Another focus of the exhibition is the relationship between photographer and subject and the medium's ability to draw on a fruitful collaboration between the two, which can lead to insightful representations of a subject's persona, as seen in Brassaï's portraits of the painter Lucian Freud and writers Jean Genêt and Henry Miller. Works by anonymous makers in the exhibition demonstrate how photography also gave subjects the ability to use the medium as a means of self-presentation or as a form of social performance. In more documentary approaches, surreptitious portraits can reveal a subject's psyche and, in turn, the nature of modern life, as seen in Walker Evans's Labor Anonymous (c. 1946), W. Eugene Smith's Waiting for Survivors: The Andrea Doria Sinking (1956), and Roy DeCarava's Mississippi freedom marcher, Washington, D.C. (1963).

Robert B. Menschel
Menschel's history with the Gallery began in 1989 when he was inspired by the exhibition On the Art of Fixing a Shadow: 150 Years of Photography to donate funds from the Horace W. Goldsmith Foundation to encourage the museum to begin collecting photographs. Since then, Menschel has made annual donations, helping the Gallery's photography collection grow to more than 17,000 European and American photographs made from 1839 to the present.

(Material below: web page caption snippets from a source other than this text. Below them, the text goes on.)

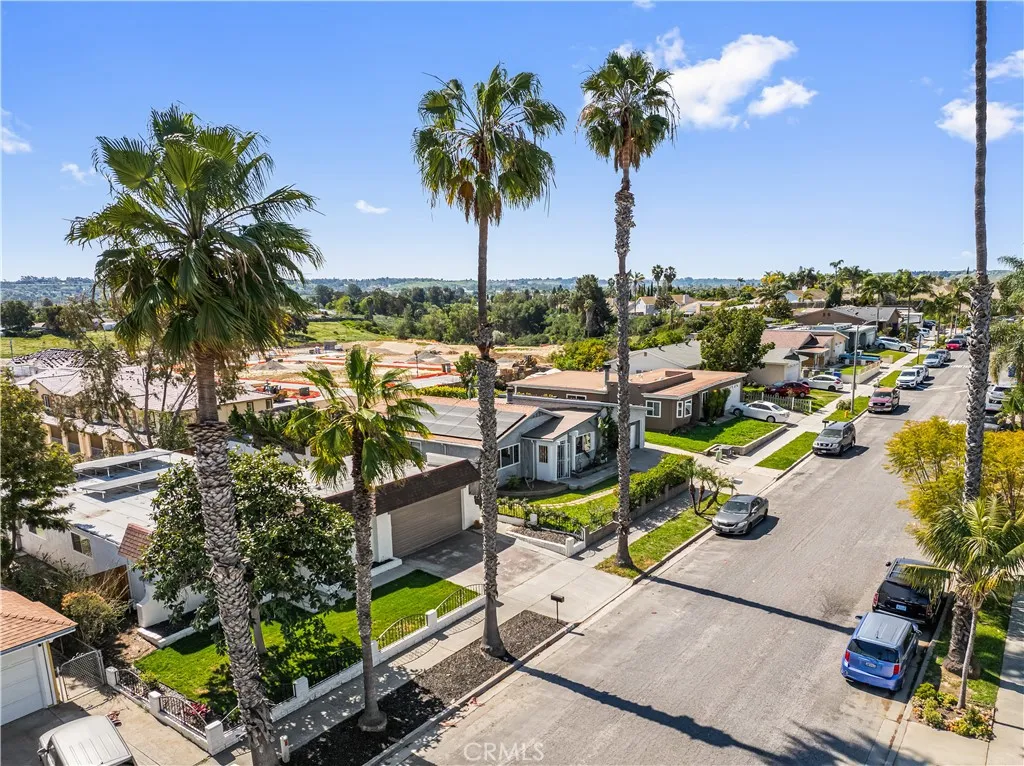 https://cdn.realtyfeed.com/cdn/127/306665162/04481b62b09456878bbdb22a3acac814.webp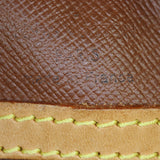 Louis Vuitton Blois Monogram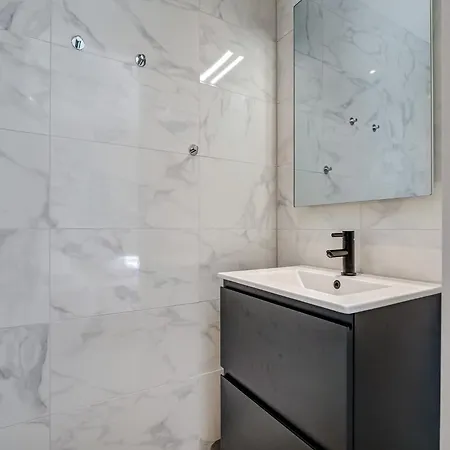 Vakantiehuis Spacious In Julianadorp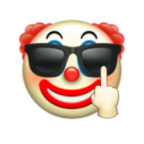 semds OnlyFans Leak (49 Photos and 32 Videos) 

 profile picture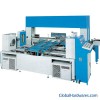 Automatic PE Shrink Fabric Wrapper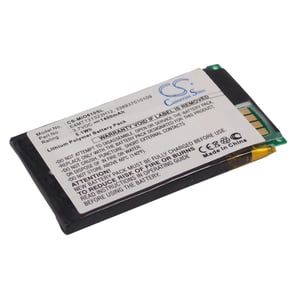 Батерия за навигация Mitac Mio H610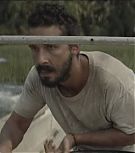 2019-Shia-LaBeouf-as-Tyler-in-The-Peanut-Butter-Falcon-HD-Screencaptures-0145.jpg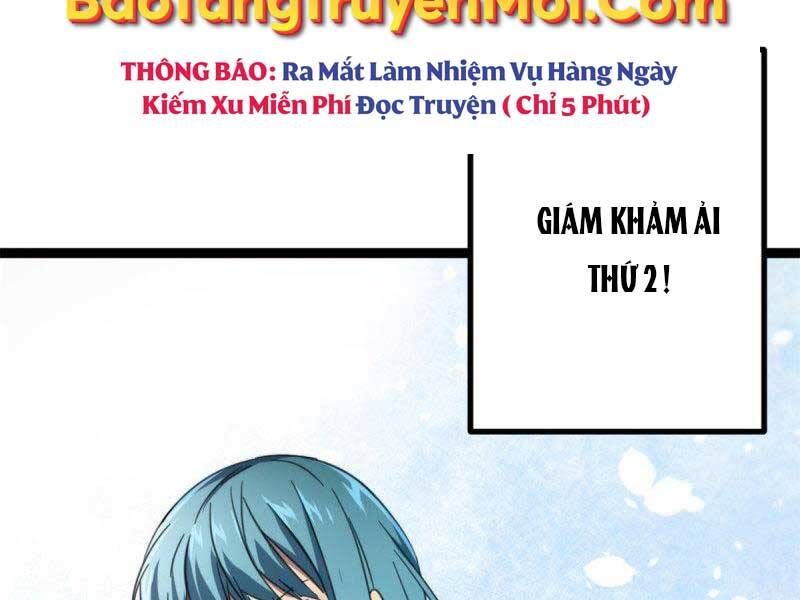 đọc truyện Cái Bóng Vạn Năng Chương 147 ảnh 80 tại Giả Dược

Menschel was a member of the Gallery's Trustees' Council from 2007 to 2011 and again from 2013 to 2017, and he has been a member of the Photography Initiative group since its inception in 2012. Menschel's support for photography and his philanthropy also extends to other museums. He joined the Committee on Photography at the Museum of Modern Art (MoMA) in 1977, eventually becoming chairman of that group. Menschel was a member of MoMA's Investment Committee beginning in 1987 before becoming a trustee in 1989, then vice chairman of the board, president in 2002, and later chairman. In 2007 Menschel became chairman emeritus and a life trustee of MoMA. In addition to the National Gallery of Art and MoMA, Menschel has provided key support in partnership with his former wife, Joyce Menschel, to the Metropolitan Museum of Art, the New York Public Library, the Chrysler Museum of Art, and Light Work at Syracuse University.

Menschel's interest in photography began in his youth, when he began to explore the medium as an amateur. Growing up in New York City, he was a pupil of photographer Aaron Siskind at P.S. 87 and a frequent visitor to MoMA. Menschel began acquiring photographs in the late 1960s, building his collection with works from across the entire history of the medium, including large groups of pictures by Harry Callahan, Aaron Siskind, and Berenice Abbott.